Good morning, and welcome to Protocol Fintech. This Wednesday: the hidden risks of DAOs, Pinterest at the Ready and the Bitcoin Jesus default.
Off the chain
Since the days when Ben Ling spearheaded Google Checkout then jumped to Facebook, the ecommerce job at Google has been Mountain View’s equivalent to the Defense Against the Dark Arts professorship at Hogwarts. The revolving door at headquarters helps explain why Google’s long been on the back foot against Amazon in merging search and shopping. The last holder of the position, Bill Ready, just decamped to run Pinterest. Good for him, but who’s going to oversee ecommerce now? Replacing Ready falls to Prabhakar Raghavan, who’s recently been aligning Google’s shopping features more closely with search and ads.
DAO? More like d’oh.
Decentralized autonomous organizations, common in crypto projects, promise a fairer, more democratic governance structure than a traditional public company. They often control substantial assets through treasures they oversee. But a few recent incidents have thrown DAOs’ virtues into question.

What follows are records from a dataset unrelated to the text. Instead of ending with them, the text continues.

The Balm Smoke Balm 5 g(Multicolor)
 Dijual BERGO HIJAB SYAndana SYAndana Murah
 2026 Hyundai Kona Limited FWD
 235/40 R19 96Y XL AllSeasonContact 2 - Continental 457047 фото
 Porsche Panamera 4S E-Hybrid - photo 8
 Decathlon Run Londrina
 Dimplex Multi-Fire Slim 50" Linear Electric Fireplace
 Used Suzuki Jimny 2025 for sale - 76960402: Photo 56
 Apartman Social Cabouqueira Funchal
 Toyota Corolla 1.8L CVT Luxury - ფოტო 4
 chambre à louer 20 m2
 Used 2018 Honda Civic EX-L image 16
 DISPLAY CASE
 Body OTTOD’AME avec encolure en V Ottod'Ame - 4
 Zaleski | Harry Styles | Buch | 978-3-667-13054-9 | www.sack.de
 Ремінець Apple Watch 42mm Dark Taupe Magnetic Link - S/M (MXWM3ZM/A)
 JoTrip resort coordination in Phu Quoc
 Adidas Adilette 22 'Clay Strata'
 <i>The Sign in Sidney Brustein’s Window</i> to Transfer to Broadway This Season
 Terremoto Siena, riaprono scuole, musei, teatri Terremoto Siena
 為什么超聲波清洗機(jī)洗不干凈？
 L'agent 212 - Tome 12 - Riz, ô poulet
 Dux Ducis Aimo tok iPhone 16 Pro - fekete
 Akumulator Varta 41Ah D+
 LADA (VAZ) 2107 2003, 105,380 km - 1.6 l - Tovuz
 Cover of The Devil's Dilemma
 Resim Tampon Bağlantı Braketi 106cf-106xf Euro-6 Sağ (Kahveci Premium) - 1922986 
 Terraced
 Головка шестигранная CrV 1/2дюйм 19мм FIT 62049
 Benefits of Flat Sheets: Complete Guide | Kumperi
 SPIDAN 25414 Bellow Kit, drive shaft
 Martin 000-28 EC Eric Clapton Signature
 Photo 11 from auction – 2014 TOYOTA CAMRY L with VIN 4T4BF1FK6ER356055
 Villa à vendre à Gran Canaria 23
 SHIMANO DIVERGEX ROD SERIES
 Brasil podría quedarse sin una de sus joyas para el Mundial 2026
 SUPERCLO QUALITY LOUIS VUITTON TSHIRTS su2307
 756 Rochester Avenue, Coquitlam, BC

Solend, a Solana-based lending protocol, voted to reclaim a whale’s wallet that posed a risk to the rest of the protocol, then overturned that controversial vote. Some members of the Merit Circle DAO sought to refund an investment from Yield Guild Games, potentially in violation of an investment contract. All this has left many in the crypto industry wondering: What rights do DAO participants legally have? And what can parties that transact with a DAO expect?
The answer depends on the DAO. According to K&L Gates partner Andrew Hinkes, whose practice includes work on blockchain projects, it’s hard to make generalizations about what laws or regulations apply to a DAO because the organizations take on so many different forms.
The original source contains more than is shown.